| Animal traction |
|8. Economic and technical assistance|
Farmers thinking about using animal traction probably have considered its advantages already. Of equal importance is an understanding of how animal traction will affect the overall farm operation. This is where an animal traction instructor can be especially helpful.
Instructors should visit the fields which the farmer intends to plant during the forthcoming season, and the fields left fallow. Only after understanding the existing pattern of land and labor use, and how the farmer calculates yearly needs, can an advisor begin to see where and if animal traction can be used to advantage.
Understanding how and why a farmer uses traditional cropping methods takes both time and great effort. This effort is required in order to match plans and needs; quick judgments concerning the use of animal traction easily can lead to failure.
After studying each situation, an instructor can offer advice concerning the purchase of equipment, how much must be produced to cover the cost of expanded operations, whether donkeys would be more efficient than bulls, and how the use of animals would affect the distribution of labor. It is extremely important, for example, to point out that animal traction increases the amount of manual labor needed for land preparation (clearing), planting, and harvesting, and decreases the amount needed for primary tillage and weeding. Other points concerning labor include:
• Traditional fields can be plowed before laborers hoe them into the mounds or ridges where crops will be planted. The labor caved in this operation can be used to plant additional lands plowed with the animals.

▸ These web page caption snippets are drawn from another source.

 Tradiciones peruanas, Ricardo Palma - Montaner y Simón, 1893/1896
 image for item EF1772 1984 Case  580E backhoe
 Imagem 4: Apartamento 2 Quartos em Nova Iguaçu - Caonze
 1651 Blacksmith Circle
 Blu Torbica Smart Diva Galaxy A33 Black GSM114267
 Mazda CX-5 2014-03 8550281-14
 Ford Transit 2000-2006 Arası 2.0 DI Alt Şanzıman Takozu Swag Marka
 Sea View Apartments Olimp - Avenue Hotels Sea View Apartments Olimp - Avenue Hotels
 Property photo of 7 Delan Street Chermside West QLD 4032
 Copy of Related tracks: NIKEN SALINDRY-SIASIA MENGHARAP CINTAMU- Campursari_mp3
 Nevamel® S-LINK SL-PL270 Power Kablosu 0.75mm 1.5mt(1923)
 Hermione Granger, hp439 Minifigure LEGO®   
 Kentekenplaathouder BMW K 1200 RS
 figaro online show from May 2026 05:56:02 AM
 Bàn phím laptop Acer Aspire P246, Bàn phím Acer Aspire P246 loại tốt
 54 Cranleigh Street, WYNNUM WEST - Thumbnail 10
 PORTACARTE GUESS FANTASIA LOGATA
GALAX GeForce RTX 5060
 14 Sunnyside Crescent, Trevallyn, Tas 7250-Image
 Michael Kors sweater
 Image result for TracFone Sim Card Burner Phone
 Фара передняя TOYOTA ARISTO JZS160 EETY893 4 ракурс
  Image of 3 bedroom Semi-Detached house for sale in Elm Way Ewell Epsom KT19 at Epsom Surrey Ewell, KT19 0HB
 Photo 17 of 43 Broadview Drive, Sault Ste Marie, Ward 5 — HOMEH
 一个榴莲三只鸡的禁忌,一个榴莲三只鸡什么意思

• In mid-season, laborers might be busy weeding traditional fields and unable to help weed fields plowed by animal traction. These fields, therefore, could be arranged so the farmer and the draft team can weed them alone. If crops are grown in regularly spaced rows, the animals will be able to walk between them and pull a weeding device. This concept can be demonstrated by laying a weeding yoke across four lines or ridges representing a planted field. The farmers can then see where the animals will walk and where the weeding plow goes. The line tracer, used to mark the rows before seeding, can also be demonstrated.
• Additional lands planted would not exceed the maximum number of hectares the family labor force could effectively harvest.